__AIM OF THE EXERCISE__: Write the entries out again exactly as they stand, but without the pictures.

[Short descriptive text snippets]
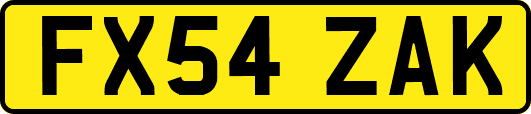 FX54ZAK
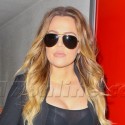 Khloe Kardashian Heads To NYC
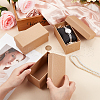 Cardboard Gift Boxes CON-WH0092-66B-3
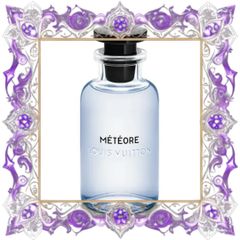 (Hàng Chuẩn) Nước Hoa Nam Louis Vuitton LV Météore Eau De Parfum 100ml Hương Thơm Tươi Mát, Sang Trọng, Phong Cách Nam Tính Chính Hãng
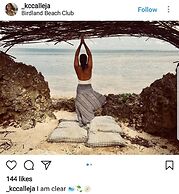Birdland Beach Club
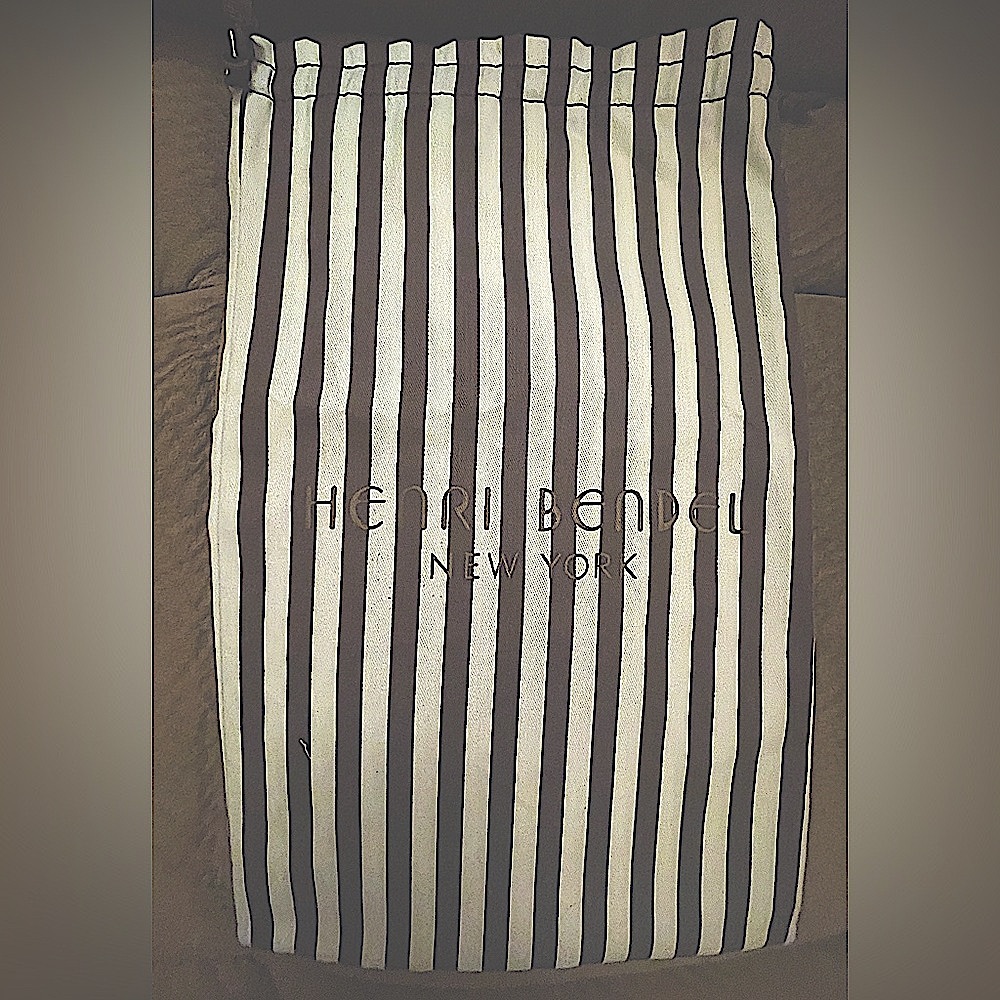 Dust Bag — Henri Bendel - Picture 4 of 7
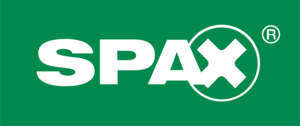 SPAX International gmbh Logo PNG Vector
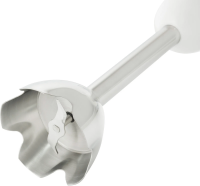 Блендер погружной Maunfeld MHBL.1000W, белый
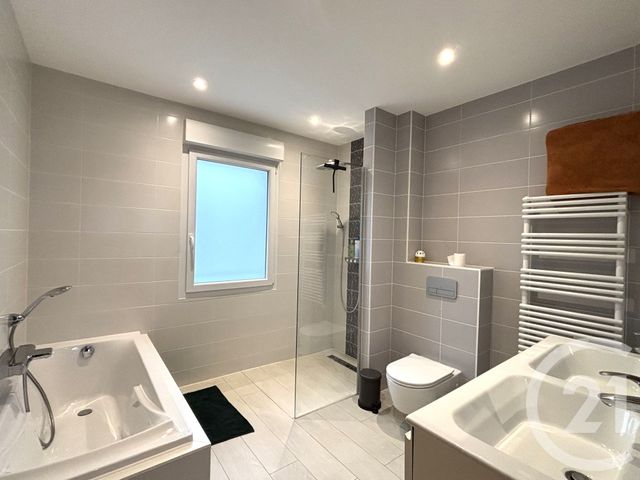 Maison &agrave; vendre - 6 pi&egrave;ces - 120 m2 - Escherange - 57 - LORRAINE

__SOLUTION FOR THIS EXERCISE__:
 FX54ZAK
 Khloe Kardashian Heads To NYC
 Cardboard Gift Boxes CON-WH0092-66B-3
 (Hàng Chuẩn) Nước Hoa Nam Louis Vuitton LV Météore Eau De Parfum 100ml Hương Thơm Tươi Mát, Sang Trọng, Phong Cách Nam Tính Chính Hãng
Birdland Beach Club
 Dust Bag — Henri Bendel - Picture 4 of 7
 SPAX International gmbh Logo PNG Vector
 Блендер погружной Maunfeld MHBL.1000W, белый
 Maison &agrave; vendre - 6 pi&egrave;ces - 120 m2 - Escherange - 57 - LORRAINE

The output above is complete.